Сколько сил ушло на такие попытки разных «формистов», сколько поэтов сорвали на них свои голоса и как много времени ушло понапрасну в бесчисленных поэтических кружках и в России и за границей на обсуждение «гласных и согласных» или где и как поставить запятую — плохо понятая идея формы действительно часто превращалась в самоотрицание, а поэты — в ремесленников.
Для всего периода «парижской ноты» чрезвычайно характерно единство мироощущения, соединенное с чрезвычайным разнообразием формальной манеры каждого из ее участников.
Сопоставляя стихи различных авторов, видно, насколько они удалены друг от друга в смысле их стилистики и природы образа и насколько они близки друг к другу, как только мы обратим внимание на их мироощущение.
Значительность «парижской ноты», соответствие ее с духом века держится на этой общности, на согласии друг другу противоположных.

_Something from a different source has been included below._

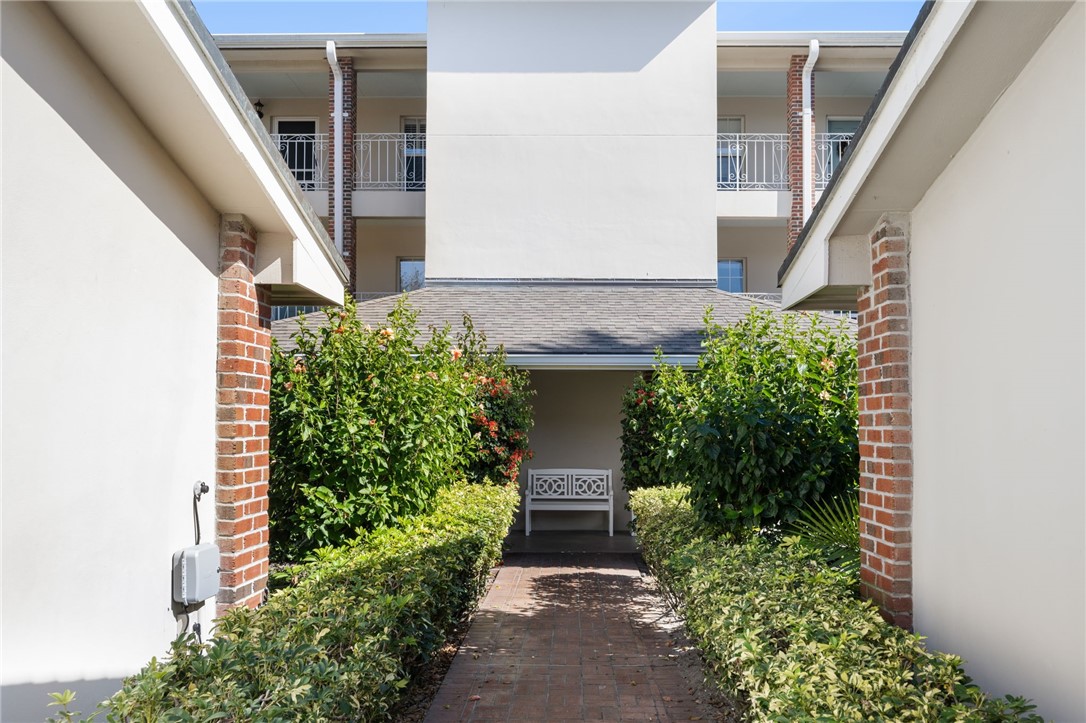 109 W Park Shores Circle 36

Только в условиях абсолютной свободы — внешней и внутренней — было возможно увидеть; современный мир и современного человека с такой трагической трезвостью.

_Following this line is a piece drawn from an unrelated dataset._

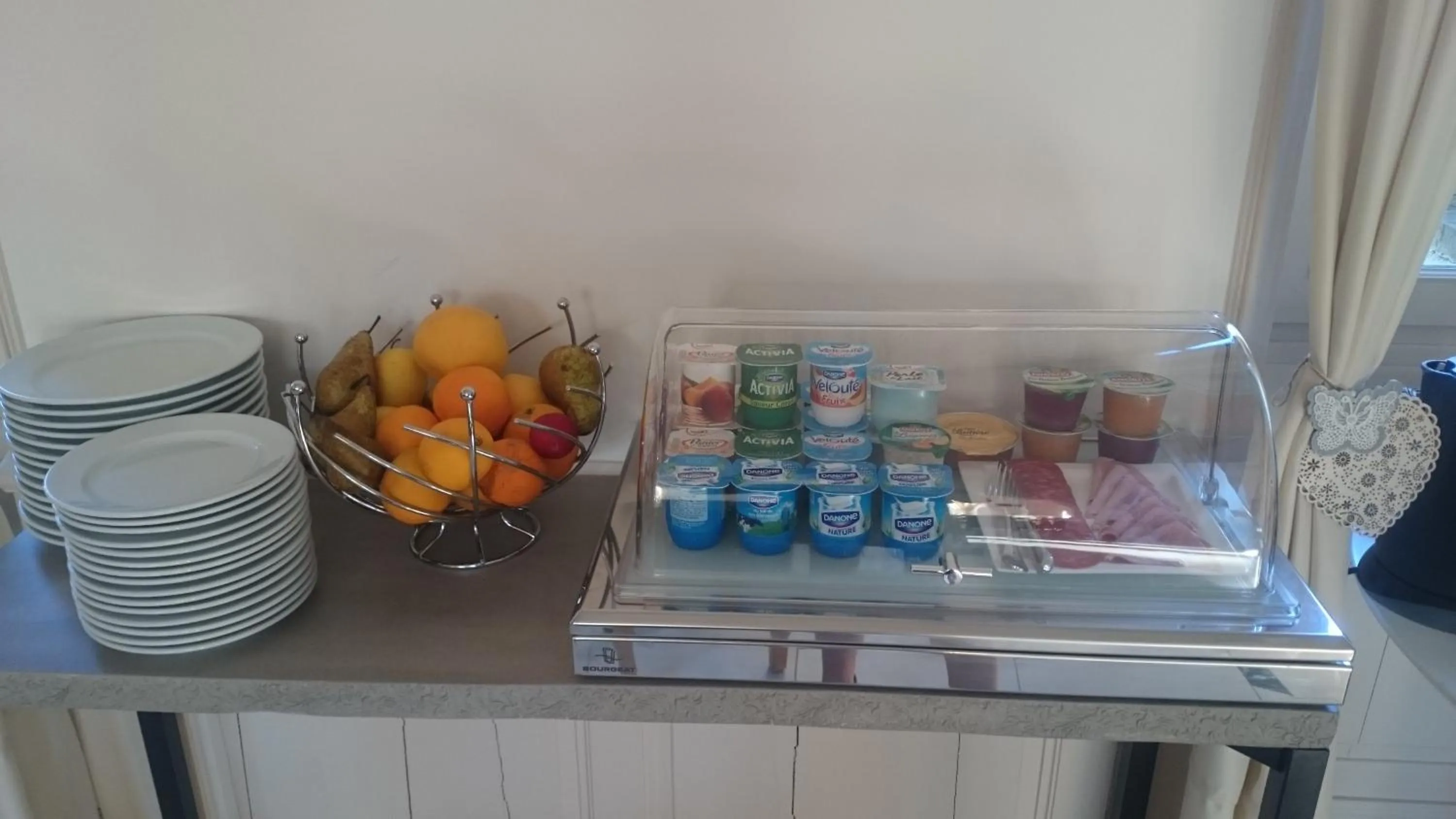 Breakfast in Hôtel Le Saint Martin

В одиночестве, в суровых условиях эмигрантской жизни, в которой каждый и духовно и материально был предоставлен исключительно своим силам, среди полного безразличия к нему и коллег, и чужих, может быть, именно в силу своей моральной и духовной совлеченности, новый человек, «Рыцарь бедный», герой тридцатых годов, приобрел большую зоркость и чувство меры.
Условность и фальшь прежних благополучных формул и несостоятельность призрачно-значительных ответов на «проклятые вопросы» ему стали очевидны.

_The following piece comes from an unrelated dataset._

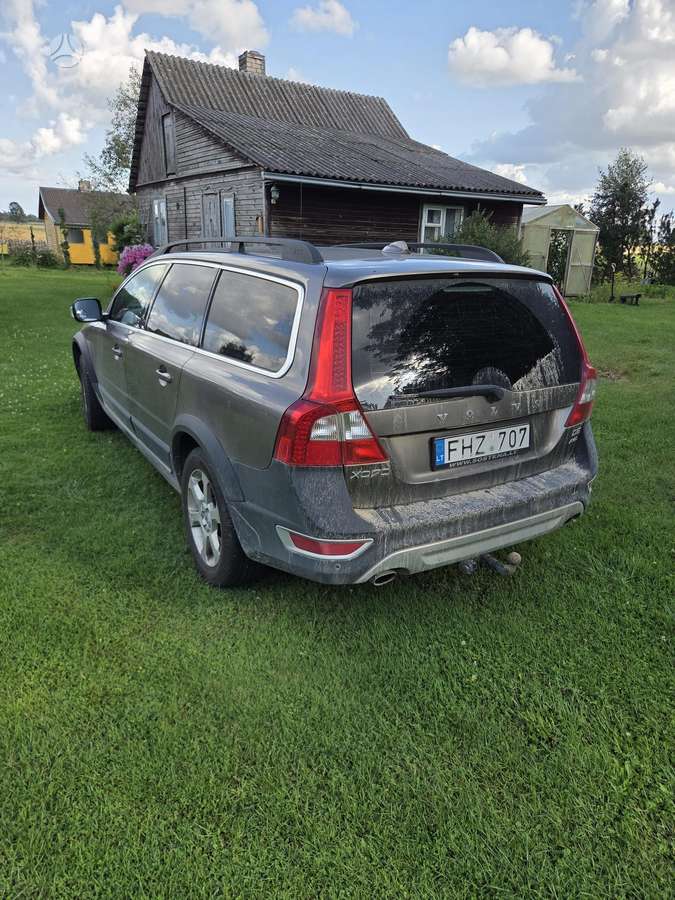 Volvo XC70, Универсал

В свете трезвого, поневоле ни к кому не обращенного, не ожидающего никаких одобрений и поэтому незаинтересованного сознания, люди тридцатых годов в какую-то минуту увидели тему о человеке не так, как ее видели до них, произвели отбор, отбросив то, что нашли не подлинным, возненавидели легкость ответов, а особенно «слова с большой буквы», которыми так щеголяли символисты.
«Наше поколение, — писал я о человеке тридцатых годов в „Числах“ — следует, по слову поэта Юнга, назвать поколением „обнаженной совести“».
Совесть тревожит, совесть заставляет проверять себя, совесть отбрасывает готовые формулы, казавшиеся раньше ответами.
Потеряв способность легко утешать себя и успокаиваться на полуправде, сознавая, что настоящего ответа на все самые жгучие вопросы еще не найдено, человек тридцатых годов принужден мужественно принимать окружающую его тьму и безысходность, оставаться наедине с самим собою.
Он мог бы задрапироваться в любые «словесные ткани», мог бы, не хуже своих предшественников, выбирать по своему вкусу «цвета и оттенки»,—но не хочет.
Мне кажется, эта воля к отказу от внешнего блеска, сознательное обеднение, решимость, несмотря ни на что, выдерживать одиночество — самое значительное, что приобрело новое поколение и, надо надеяться, лучшая часть молодых поэтов и писателей устоит и не соблазнится легкой, дешевой удачей — литературной удачей «толпы ради».
* * *
«Парижская нота» оборвалась с началом войны 1939 года, а после войны уже не возобновилась.
Большинства из ее участников теперь нет в живых.
Но имена наиболее видных поэтов «парижской ноты», сборники их стихотворений, а, главное, ряд статей и воспоминаний о ней, с изложением ее идеологии и мироощущения, перешли границу и сделались известны в Советской России,
Мы имеем ряд известий об этом, а также знаем реакцию на нее многих молодых поэтов, не желающих останавливаться только на общепризнанных там образцах — Хлебникове, Маяковском, Пастернаке и Цветаевой.
За границей же, в эмиграции, поэты, пришедшие из Советского Союза или из других «провинциальных» центров первой эмиграции — из Варшавы, Риги, Берлина, Белграда и Праги (последние еще до войны) — сначала подозрительно и даже враждебно отнеслись к «парижанам»: «Тема смерти! Упадочничество! Сосредоточенность исключительно на своих личных переживаниях!»
В таком примитивном и поверхностном отношении к «парижской поэзии» были в конце сороковых годов виноваты некоторые журналисты и политики из среды прежней эмиграции, бросившиеся с распростертыми объятиями навстречу «людям оттуда».
С самого начала эмиграции, многие из этой среды мечтали о «гражданкой поэзии», «музе гнева и печали», необходимой им для политической борьбы.
Они ждали, когда же в эмиграции появятся поэты, способные разгромить в звучных ямбах и хореях их политических врагов?